CPF Cash Top-up Relief 2024

Last updated: March 2024

Key Takeaways:

  • Topping up your CPF Special Account (SA) with cash can lead to tax relief.
  • This strategy benefits long-term retirement planning and immediate tax savings.
  • Understanding the rules and limits is essential for maximizing these advantages.

Maximizing your financial strategy in Singapore can include leveraging your CPF Special Account. This concise overview explains how cash top-ups to your CPF SA can not only enhance your retirement nest egg but also provide welcome income tax relief.

Featured Snippet:
Can topping up your CPF Special Account (SA) with cash reduce your income tax in Singapore? Yes, cash top-ups to your CPF SA are eligible for tax relief, subject to certain conditions and caps, thereby offering a dual benefit of tax savings now and increased retirement funds for the future.

Top-Up Statistics

In 2015, CPF account holders topped up their families’ CPF accounts by $649.9 million, 32% more than in 2014. CPF account holders also transferred $289.1 million of their own money from their Ordinary Account (OA) to their Special Account (SA), an increase of 12% from 2014.

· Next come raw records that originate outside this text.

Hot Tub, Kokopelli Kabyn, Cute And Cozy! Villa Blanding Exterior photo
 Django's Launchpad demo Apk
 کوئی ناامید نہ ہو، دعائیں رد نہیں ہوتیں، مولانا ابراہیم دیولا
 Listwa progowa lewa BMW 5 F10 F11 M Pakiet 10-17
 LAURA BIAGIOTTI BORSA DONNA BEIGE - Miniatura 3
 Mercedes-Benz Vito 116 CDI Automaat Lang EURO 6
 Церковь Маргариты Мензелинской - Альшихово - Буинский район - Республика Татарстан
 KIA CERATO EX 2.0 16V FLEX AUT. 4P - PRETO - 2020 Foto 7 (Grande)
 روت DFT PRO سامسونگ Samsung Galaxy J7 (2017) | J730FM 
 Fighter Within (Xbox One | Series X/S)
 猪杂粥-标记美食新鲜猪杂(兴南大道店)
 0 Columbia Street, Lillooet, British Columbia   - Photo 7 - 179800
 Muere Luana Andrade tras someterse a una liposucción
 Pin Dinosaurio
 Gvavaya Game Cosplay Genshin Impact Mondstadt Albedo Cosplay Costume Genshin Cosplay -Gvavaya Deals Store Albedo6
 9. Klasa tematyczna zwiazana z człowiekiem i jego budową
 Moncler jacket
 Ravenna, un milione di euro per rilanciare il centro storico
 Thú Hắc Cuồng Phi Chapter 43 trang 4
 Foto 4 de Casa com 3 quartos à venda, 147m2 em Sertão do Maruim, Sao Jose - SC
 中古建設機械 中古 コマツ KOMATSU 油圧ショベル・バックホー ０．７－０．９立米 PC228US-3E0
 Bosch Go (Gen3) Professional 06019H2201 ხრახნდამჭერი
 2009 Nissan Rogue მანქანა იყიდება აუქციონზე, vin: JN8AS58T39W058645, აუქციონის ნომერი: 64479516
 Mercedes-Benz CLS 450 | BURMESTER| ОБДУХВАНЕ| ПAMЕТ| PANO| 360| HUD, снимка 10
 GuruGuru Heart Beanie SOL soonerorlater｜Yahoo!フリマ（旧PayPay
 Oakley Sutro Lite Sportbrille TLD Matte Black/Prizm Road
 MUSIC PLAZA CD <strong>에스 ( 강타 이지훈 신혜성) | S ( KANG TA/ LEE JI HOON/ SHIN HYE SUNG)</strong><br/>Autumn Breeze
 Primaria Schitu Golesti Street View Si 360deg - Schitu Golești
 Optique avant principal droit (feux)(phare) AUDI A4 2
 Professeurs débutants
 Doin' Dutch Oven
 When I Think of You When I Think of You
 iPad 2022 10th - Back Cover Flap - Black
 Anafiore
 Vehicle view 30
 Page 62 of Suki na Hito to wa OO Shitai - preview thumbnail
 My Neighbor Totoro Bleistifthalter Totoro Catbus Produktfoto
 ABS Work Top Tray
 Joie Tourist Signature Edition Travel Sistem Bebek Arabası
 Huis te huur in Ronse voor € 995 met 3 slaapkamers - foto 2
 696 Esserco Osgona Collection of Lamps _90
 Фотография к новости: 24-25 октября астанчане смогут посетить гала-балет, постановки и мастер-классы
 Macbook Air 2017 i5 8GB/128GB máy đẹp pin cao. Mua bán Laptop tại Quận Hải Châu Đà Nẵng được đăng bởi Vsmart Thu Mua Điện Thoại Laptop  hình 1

Retirement Sum Top-Up Scheme

A scheme that allows you to top up your own CPF account or/and your family members.
Under this scheme, your employer can also voluntary contribute more into your CPF to be eligible for tax deduction.
The money goes into Special Account if the fund receiver (yourself or/and your family members) is below age 55.
The money goes into Retirement Account if the fund receiver is age 55 or above.

When you perform a cash top up for yourself or your family members, you are eligible for tax relief of up to $14,000 per calendar year. However, top up above the Full Retirement Sum (FRS) are not eligible for the tax relief. This means that if you intend to top-up till the Enhanced Retirement Sum (ERS), the difference between FRS and ERS is not eligible for tax relief.

CPF Cash Top-up Relief

Topping Up Spouse’s CPF Account

You may top up your spouse’s CPF account using your CPF money or cash.
If you are using cash, refer to the ‘Retirement Sum Top-Up Scheme’.
For top ups using your CPF funds, you may transfer funds in excess of the prevailing Basic Retirement Sum (BRS) or your cohort’s BRS to your spouse’s CPF account.
This transfer however, does not qualify for tax relief.

Assuming that you have met the prevailing BRS while your spouse has less than $60,000 in his/her CPF account, transferring the funds in excess of your BRS to them will increase the net interest both of you will receive in total.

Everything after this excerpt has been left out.